*Action item*
Please return only the lines from the one with "NM license plate 404RBW" through the final line of the data, unchanged, with pictures omitted.

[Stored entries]
────────────────────────────────────────

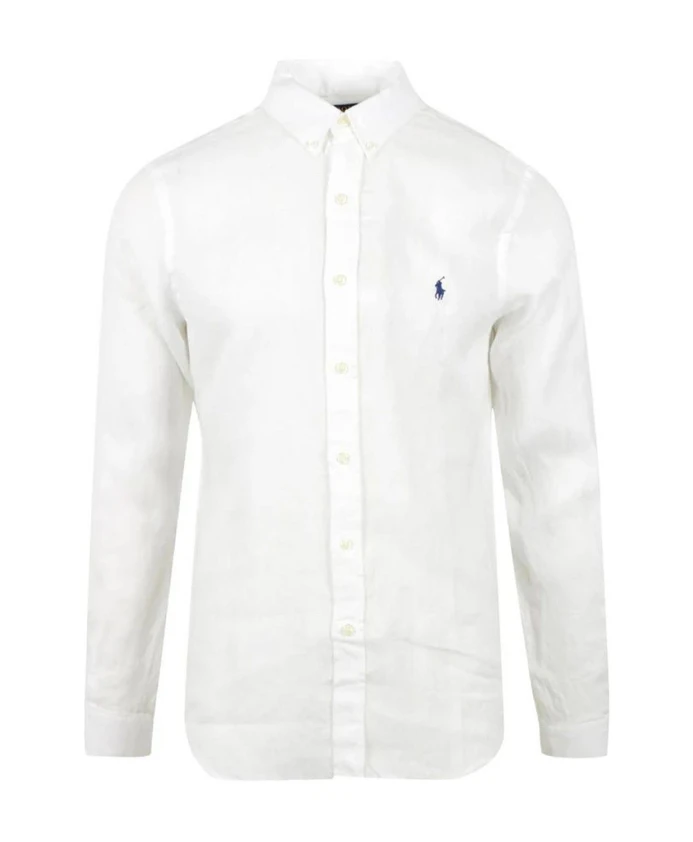 

Классическая льняная рубашка с длинными рукавами Polo Ralph Lauren, белый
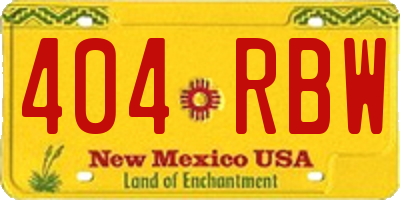 NM license plate 404RBW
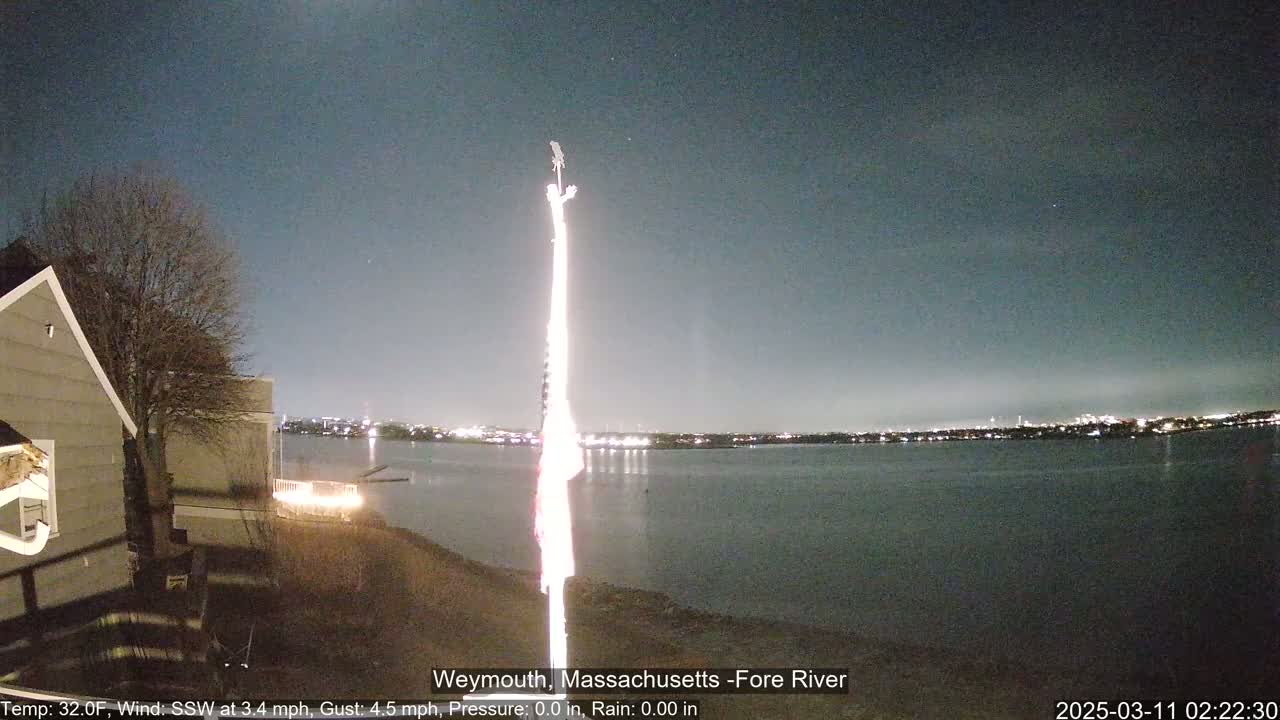 A nighttime view of a calm body of water with city lights across the water, a flagpole in the foreground, and a house partially visible to the left.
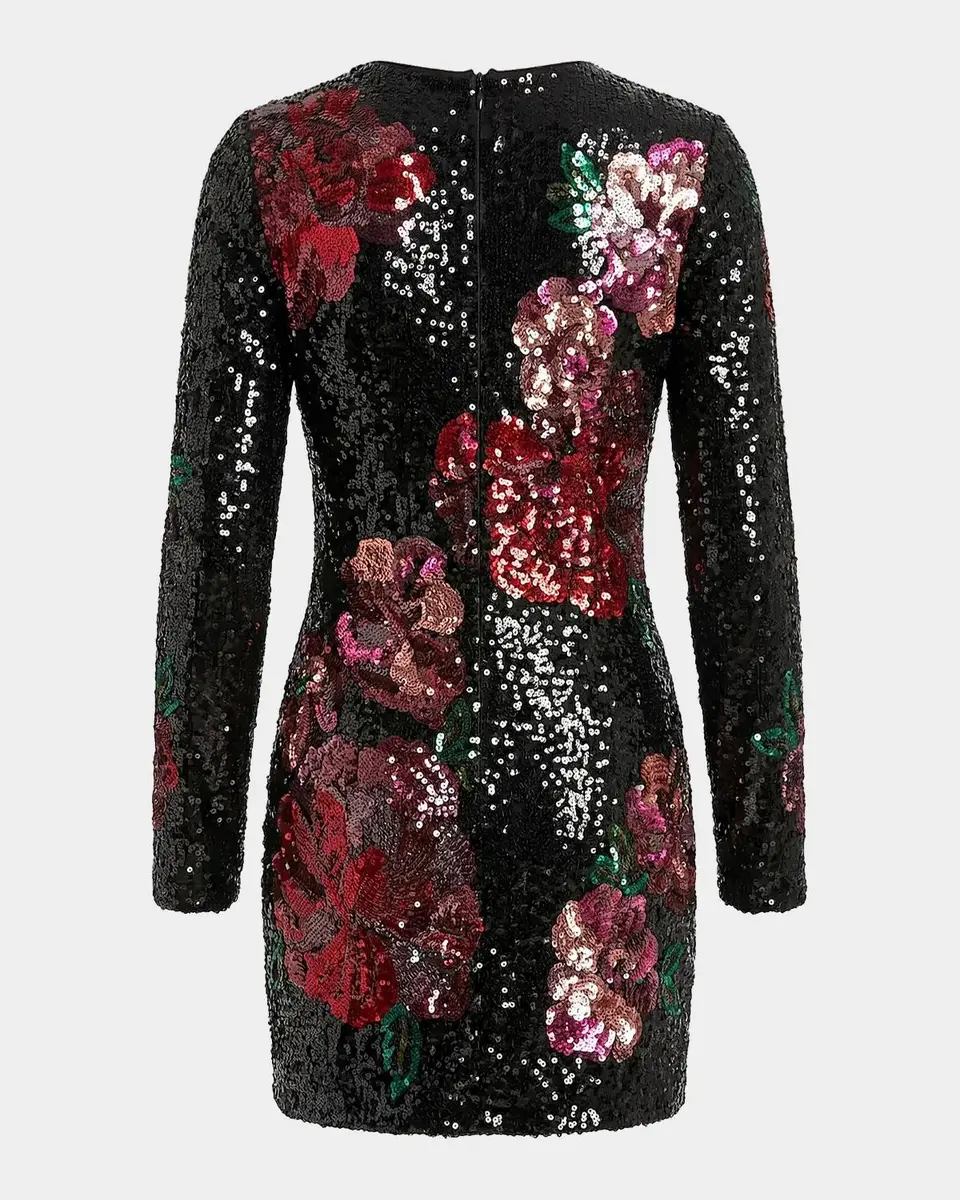 Mac Duggal Sequin Floral Long-Sleeve Fitted Mini Dress | Thumbnail 5
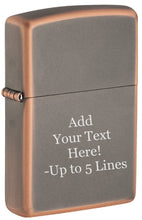 Load image into Gallery viewer, Zippo Lighter - Personalized Message Engraved on Backside Colored Windproof Lighter Rustic Bronze 49839
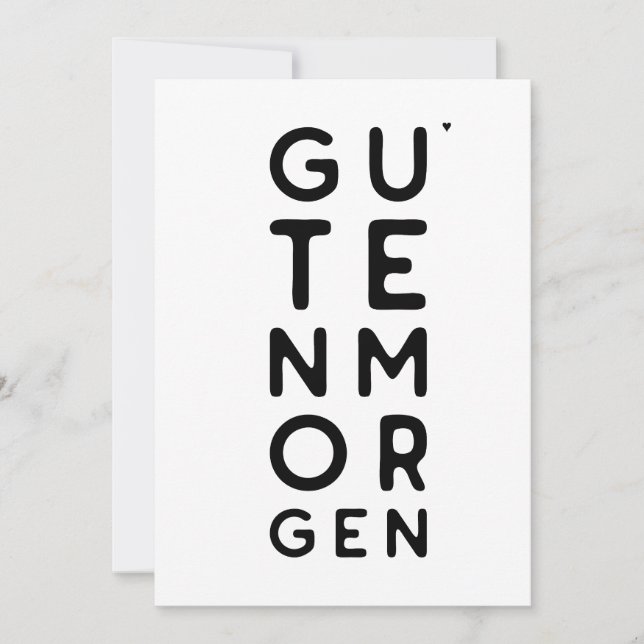 Guten Morgen - minimalistic typography card (Front)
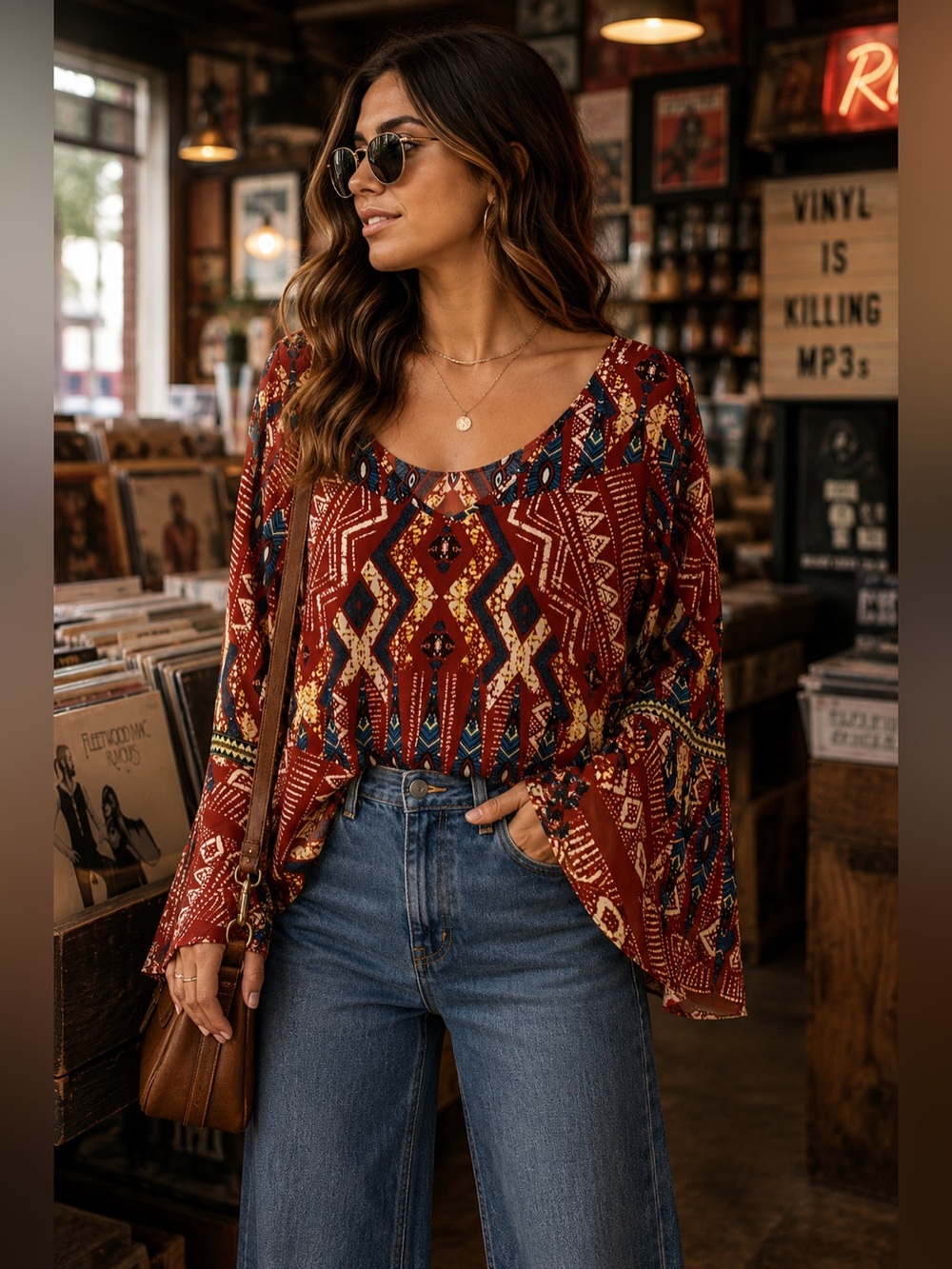 Pink Owl Bell Sleeve Geometric Print Blouse Open Back Boho—Small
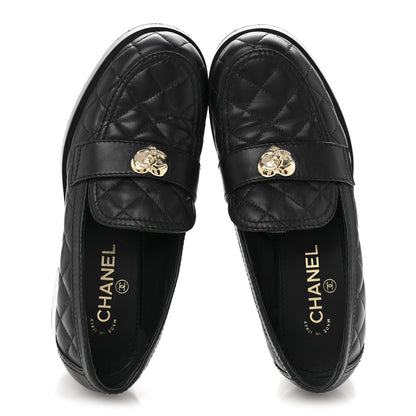 Chanel Lambskin Quilted CC Heart Loafers 39 Black 2 of 12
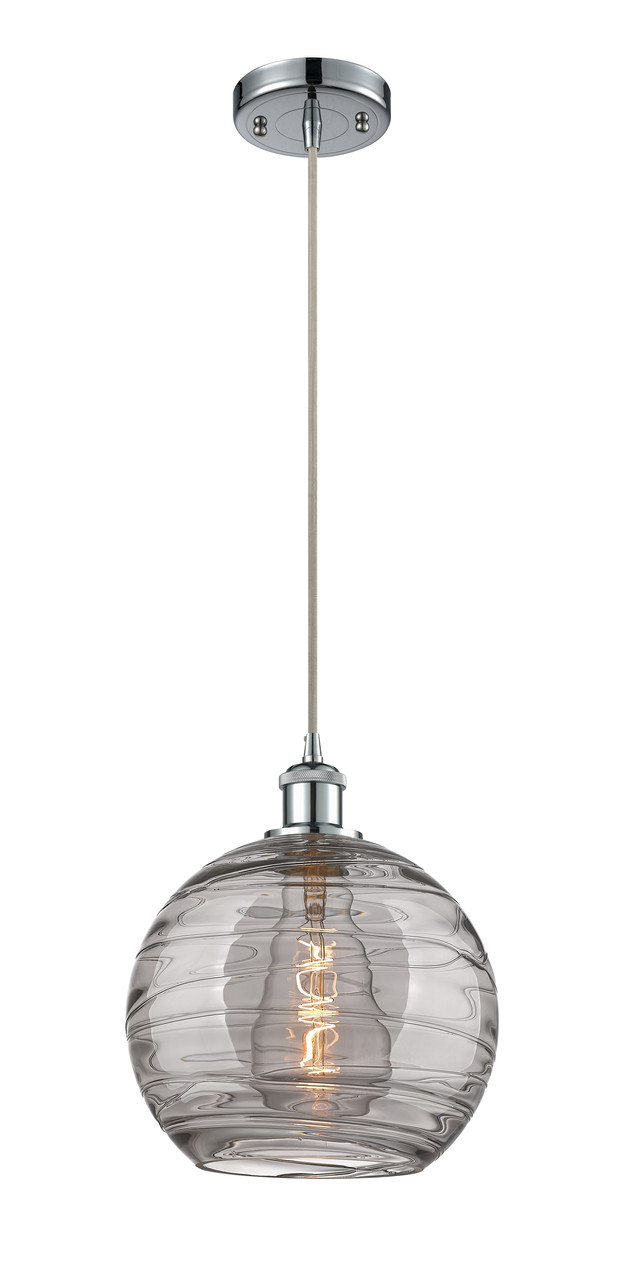 INNOVATIONS 516-1P-PC-G1213-10SM Deco Swirl 1 Light 10 inch Mini Pendant Polished Chrome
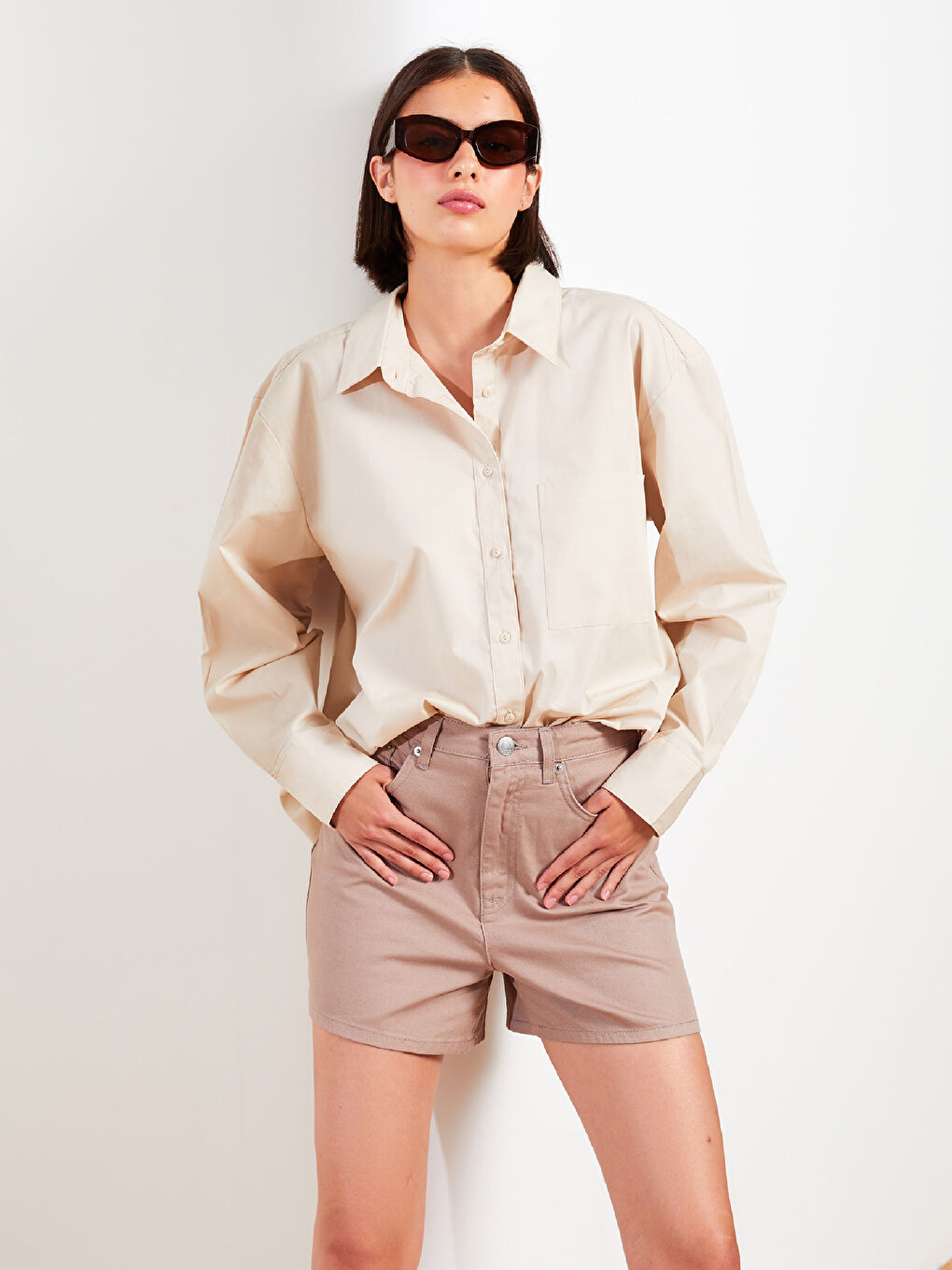 Buttoned Regular Long Sleeve Poplin Women's Shirt -W2CR38Z8-FWZ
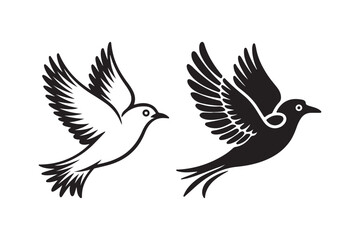 Flying Bird Silhouette Vector Set Elegant Winged Icons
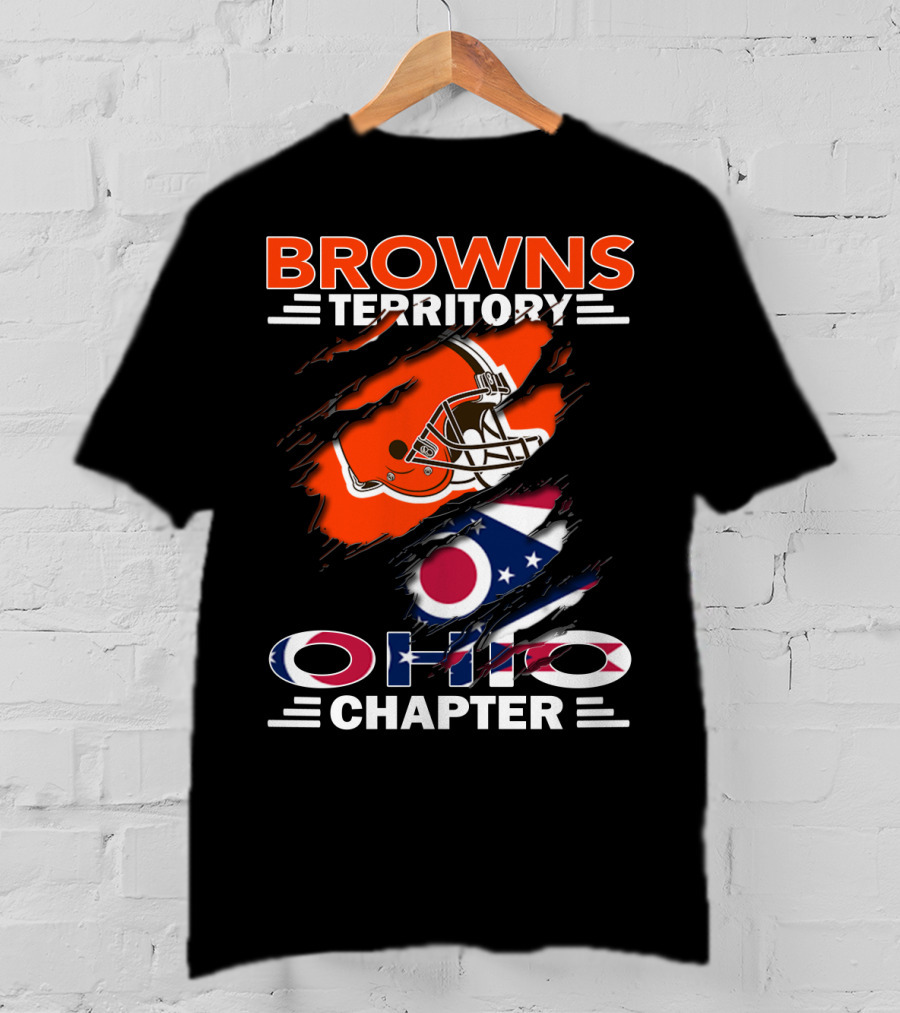 Browns Territory Ohio Chapter Helmet Flag T-Shirt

────────────────────────────────────────

*Answer box*
 NM license plate 404RBW
 A nighttime view of a calm body of water with city lights across the water, a flagpole in the foreground, and a house partially visible to the left.
 Mac Duggal Sequin Floral Long-Sleeve Fitted Mini Dress | Thumbnail 5
 Load image into Gallery viewer, Zippo Lighter - Personalized Message Engraved on Backside Colored Windproof Lighter Rustic Bronze 49839
 Guten Morgen - minimalistic typography card (Front)
 Pink Owl Bell Sleeve Geometric Print Blouse Open Back Boho—Small
 Chanel Lambskin Quilted CC Heart Loafers 39 Black 2 of 12
 INNOVATIONS 516-1P-PC-G1213-10SM Deco Swirl 1 Light 10 inch Mini Pendant Polished Chrome
 Buttoned Regular Long Sleeve Poplin Women's Shirt -W2CR38Z8-FWZ
 Flying Bird Silhouette Vector Set Elegant Winged Icons
 Browns Territory Ohio Chapter Helmet Flag T-Shirt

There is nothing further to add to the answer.